The General Data Protection Regulation (GDPR) data protection framework, ratified early this year, comes into force in May 2016. In summary, the objectives and principles of Directive 95/46/EC creates a stronger and more coherent data protection framework in the European Union and robust penalties for those organisations that fail to provide the suitable security controls and measures.
Wait, isn’t the UK leaving the EU?
The ICO, Commissioner Elizabeth Denham, has acknowledge in her blog of 31st October 2016 that the UK will implement GDPR stating, “We will be members of the EU in 2018 and therefore it would be expected and quite normal for us to opt into the GDPR and then look later at how best we might be able to help British business with data protection while maintaining high levels of protection for members of the public.”
In February this year a Netskope-commissioned YouGov research, found that only 21% of IT professionals in medium and large businesses felt sure they would comply with upcoming regulations, including GDPR. Computer Weekly reported (June 2016) alarm about roles and responsibilities about who will own and drive compliance within many companies. Early research by (ISC)2, “…indicates that 79% of Britain’s medium and large companies are unsure about their compliance, and many do not understand how the burden of compliance will be divided up”
Whilst the finer details have yet to emerge, the key elements and obligations are well published if perhaps not well known. We are now 6 months on from when GDPR was ratified by all 28 members of the EU Commission, and only 18 months before organisations MUST be fully compliant. This is the starting line, not the finishing line!
With a quarter of the 2-year preparation period already passed, alarm bells should be ringing in corporate board rooms. Will they wait for the first financial sanctions to be dished out before getting to grips with their obligations? They need to be aware that Article infringements carry the maximum administrative penalty of up to €20 million or 4% of global annual turnover, whichever is the higher.

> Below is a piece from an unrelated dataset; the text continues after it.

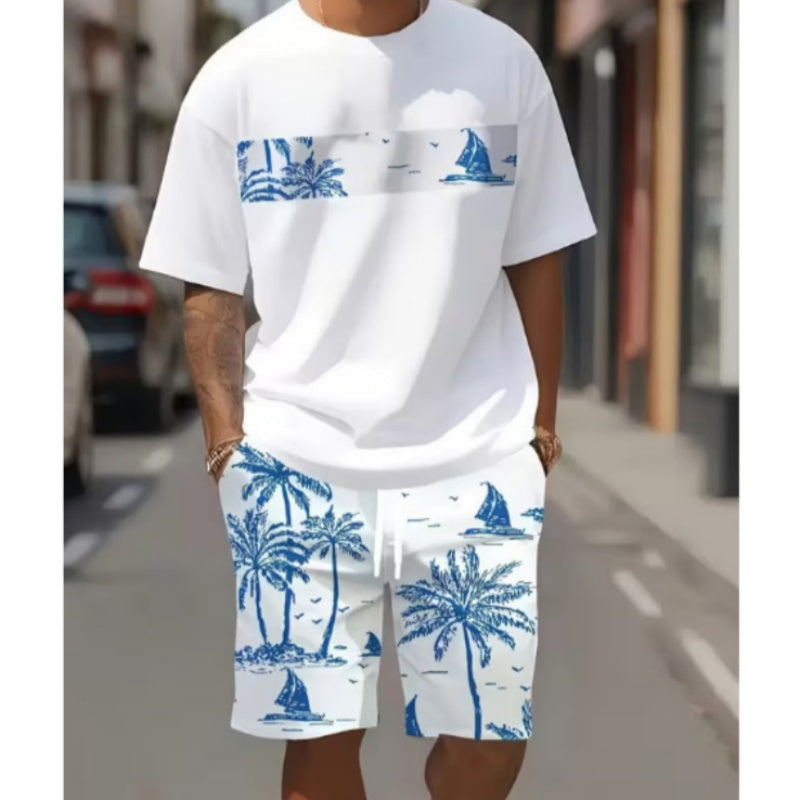 ⏳Time-Limited Special⏰Men's Graphic Print T-Shirt & Shorts Set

Discussions with information security professionals and security vendors show a worrying lack of preparedness. That look of being ‘caught in the headlights’ by audience members in recent presentations shows very clearly that GDPR isn’t yet a topic of focus for CFO’s and Executive Boards.
As security breaches continue it’s clear that technology advances also create a perfect toolbox for cyber criminals to continue unimpeded. Unauthorised access creates a persistent problem for organisations attempting to protect corporate information. Within the security industry, both public and private, there is a genuine belief that it’s a case of ‘when not if’ an organisation will be breached, resulting in data loss from unauthorised access.

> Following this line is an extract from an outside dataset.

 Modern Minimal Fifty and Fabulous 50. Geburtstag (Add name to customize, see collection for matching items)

Whilst entities are targeted by cyber criminals - whether small-time crooks, organised gangs or state-sponsored teams - we acknowledge that more accidental releases of personal data are a further and growing cause for concern. Whether it’s because of a lack of awareness by staff, or a failure to invest in data protection controls, perhaps both, is a debatable point. Our view is that without appropriate measures the successful theft or compromise of personal data will continue unabated.
Our worries intensify as the continuing lack of momentum, perhaps indifference continues. We envisage a last gasp race to the starting line that will not be reached by all runners and riders: there are likely to be too few data protection and security specialists to assist organisations in becoming compliant. GDPR is coming, and so are significant financial sanctions!